Fiction  > 2000A.D.

Brink vol 1


Brink vol 1 Brink vol 1 Brink vol 1 Brink vol 1

Brink vol 1 back

Dan Abnett & I.N.J. Culbard

Price: 
£12.99

Page 45 Review by Jonathan

"Quit it! You're under arrest!"
"This ain't the way! This ain't the way! The leper heart will see you for what you are! See your disrespect! See your bruises upon my body!"
"Shut up!"
"Promises were made! You're spoiling it! The leper heart promised! Took the soil and the air and left us in the dark with a promise it would come back for us too!"
"Shut the hell up!"
"Swelling up, swelling up out of the unreach, keeping its whispered promises! Low Theta hanging inside the sun, Melancholema and Pale Chronozon..."

The Earth is dead, destroyed by a toxic mixture of pollution and greed. Yep, that'll do it. Humanity now lives in various scattered space stations owned by mega-corporations, known as Habitats or on the 'Brink' as it's colloquially known. Crammed into such confines, with security provided by private firms, it's perhaps not surprising the locals have a tendency to go a wee bit stir crazy from time to time, some more so than others.

In addition to the crime gangs peddling narcotics, running protection and the like - who of course are going to find their niche in any environment as parasites do - there are also a few oddball cults that spontaneously spring up as people start to collectively lose the plot and look for absolutely anything at all to grasp onto with their remaining shreds of sanity, no matter how implausible or nonsensical. The cults hadn't as yet, reached Odette Habitat, owned by Sugarsurf Pharma, but all that's about to change as Investigator Bridget Kurtis and her partner Carl "Brink" Brinkmann have just found out...

I absolutely loved this work and I am delighted to hear the third arc has just begun in parent title 2000AD, second arc collection to follow next year. Part speculative fiction, part crime and definitely a huge chunk of mystery, this will massively appeal to anyone who enjoyed Antony Johnston & Justin Greenwood's THE FUSE. This is like that title, procedural crime set on a space station, just with a great deal of added creepy suspense and even a touch of pure horror blended in. You have been warned.

For a weekly 2000AD yarn it's impressively slow at revealing its hand and even by the very end I was left tantalised and puzzled as to precisely what is really going on. The enormous cliffhanger that we're left dangling over by our fingertips doesn't help in that respect, damn you Abnett!! You may well even start to believe some of the craziness the cultists are spouting. It's certainly starting to cross Kurtis' mind...

Another point of comparison you might have caught recently would be the excellent TV show The Expanse which is based on James S. A. Corey's series of novels. That's a series which has utterly gripped me, to the point I have now bought the novels because I can't wait for the TV show to catch up, but Brink has grabbed me equally hard. I'll be black and blue soon! I might even have to start reading 2000AD for a weekly fix...

The cult element even put me in mind of the first season of the True Detective TV show (which of course gives a neat little callback to Ian Culbard's superlative adaptation of THE KING IN YELLOW) in that there's a general, lurking sense of unease which only builds and builds as what you are sure couldn't possibly be real starts to come into question... It couldn't, right? That sense there might just really be something scary behind the proverbial curtain after all... Or that could all just be drug induced paranoid mass hysteria of course...

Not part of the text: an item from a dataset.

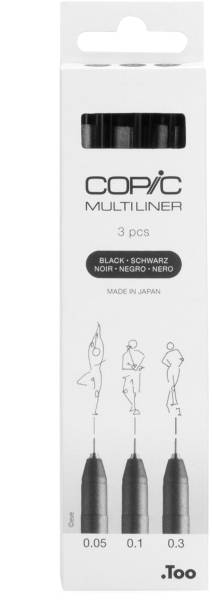 COPIC Multiliner 22075630 schwarz 3 Stück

Dan and Ian have worked together before to great effect on THE NEW DEADWARDIANS and two volumes of WILD'S END (we need that concluding volume, guys!!) and I enjoyed Abnett's foreword that rightly credits Ian's "distinctive art work and brilliant storytelling." It's nice to see as accomplished a writer as Abnett giving just plaudits to his artistic cohort for their contribution to the wider creative process and the plotting. There are a further couple of interesting paragraphs talking about how their collaborations work.

Plus Ian's art is an absolutely vital part of this title.

From the disorientating, mood-setting cover which neatly foreshadows the psychological component, pull-back outer-space shots of the vast, orbiting stations whose crisp exterior beauty belies their squalid interiors, through to the little background details like the neon signs and graffiti (might be a clue or two there!), he is one of the best scene composers in the business. The action scenes are taut and tense and perfectly capture the claustrophobic, cacophonous confines of life in a corporate-owned floating tin can. He's also utilised the same strong, vivid colour palette he deployed to such good effect in his other brilliant collected 2000AD science fiction epic BRASS SUN with Ian Edginton, that is also finally returning, huzzah!! Great to see the cream of the galaxy's best weekly comic making it into collections to reach as wide a terrestrial, and presumably extraterrestrial, audience as possible. All that remains is to say Splundig vur Thrigg. I probably won't eat a polystyrene cup though.